Which leads me back on to investment. The strategy estimates the cost of imminent and essential works as between £2.1 and £2.3 million. Not an inconsequential sum, but not that huge given that the market generates that much in surplus every year anyway. If just 50% of the surplus (£1 million per year) could be re-invested in the market over the next few years, problem solved. I understand the argument about budget pressures for the council, but £1 million equates to around 0.17% of the annual council budget of around £580 million. To my mind this would be money well spent, and could actually help to increase council revenue in the future.
The alternative to this, if they really want to be bold (as the strategy claims) would be to entirely replace the 1976 and 1981 halls. I don't claim to know anything about the feasibility of this, but it would certainly be bold, and market halls needn't be the most expensive or complicated of structures.
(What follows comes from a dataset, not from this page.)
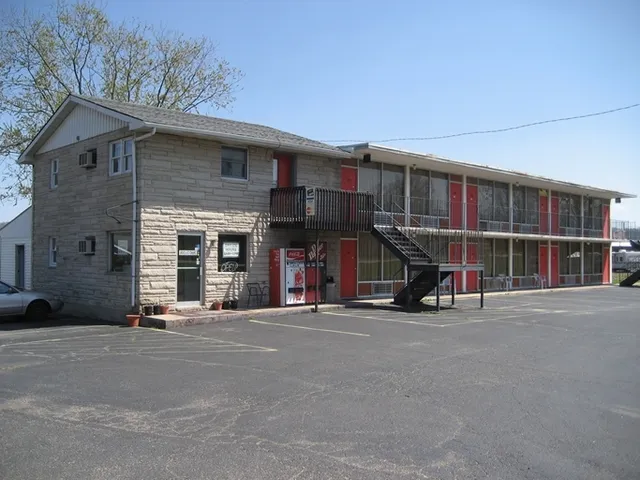 Mound Haven Motel Brookville, IN Weekly $225 / Daily $55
The new market hall in Wakefield apparently cost only £3 million.
The final thing that concerns me is how the market is going to be managed going forward. The strategy recommends that the market should be moved from direct control by the Council to an arms-length organisation, possibly a limited liability partnership. I don't have a problem with this, but the strategy doesn't make clear whether this should be a not for profit organisation. If a profit making entity takes control an additional layer of cash removal would be introduced, with the management company taking their cut as well as the council. I can't see how this would be anything but a bad thing.
In summary, here is what I think should happen:
- Retain the market at its current size, through renovation or replacement of the 1976 and 1981 halls.
- Renovation or replacement should be financed using the surplus generated by the market itself, or by public sector (i.e. the council) borrowing.
- Move management of the market to an arms length, not for profit organisation.
- Promote and improve the market by the means detailed in the strategy (see section 6), including innovative means like The Source.
- Aim to improve the mix of stalls, including more upmarket offerings, but absolutely not at the expense of existing traders.
- The market will be substantially reduced in size through closure of the 1976 and 1981 halls.
- Management of the market will be moved to an arms length organisation, profit making or otherwise.
- Any investment will come from the private sector, and therefore probably work out more expensive in the long run.
- There will be a general drive upmarket with what remains, but we won't see a 'Corn Exchange' scenario. I don't fully agree with Friends of Leeds Kirkgate Market on this. I don't believe that the council are daft enough to think it's going to become the new Borough Market.
It will be interesting to see how things pan out.